ITP established an ambitious 2011-2015 plan, with the goal of doubling sales to reach a turnover of one billion euros. To meet this challenge, ITP is planning to make a significant investment over a five-year period, focusing on manufacturing new models. In this sense, the commitment to new technologies is vital.
“We are investing around 14 percent of our sales in R&D (research and development), which makes us, in relative terms, the Spanish industrial company with the highest level of investment in this specific area,” says Mataix. “ITP is a technological company with more than a thousand engineers who work with the most advanced tools. Innovation is based on new technologies in our centers that are distributed throughout the world.”
According to Mataix, there are four information technology pillars that underpin the company’s growth and expansion: enterprise resource planning (ERP), product lifecycle management (PLM), design tools and general tools, such as Microsoft® software.
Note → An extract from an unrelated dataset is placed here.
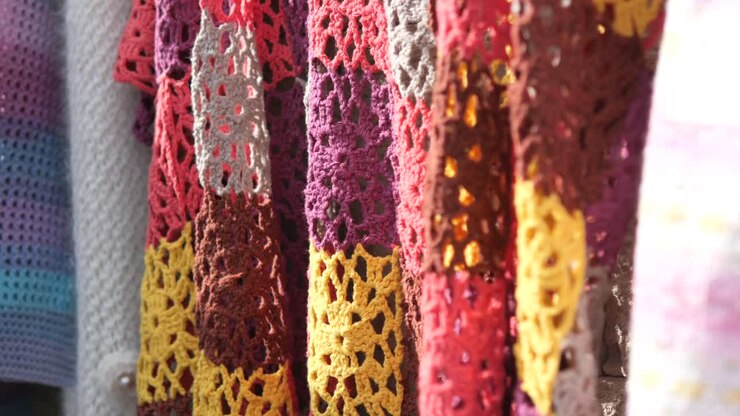 Tessuti all'uncinetto colorati appesi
One of the major competitive advantages of ITP is the integration of design and manufacturing. This is a management model that was instituted in 2007 with the creation of the ITP’s Excellence Centers, in which engineers and manufacturing operators work together.
“We have agreements to develop comprehensive turbine modules from the aerodynamic design of each one of its components through manufacture,” says Mataix. “For this reason, the role of PLM software is considered key. All of the information can be traced using PLM software, which allows us to track and monitor it through the company so we can achieve our goal, which is to produce the most competitive, efficient design at the lowest possible cost.”
Iñaki Ulizar, manager of technology at ITP, agrees with this assessment: “The PLM system is vital for ITP because we have a very complex technological product and PLM is able to keep all the information upto-date.” He notes, “A key aspect for us is the traceability and integrity of the data, because our products must be available for decades. In 15 or 20 years, someone might need this data, so we need a PLM system to ensure that we can deliver it. An ERP system doesn’t do this.”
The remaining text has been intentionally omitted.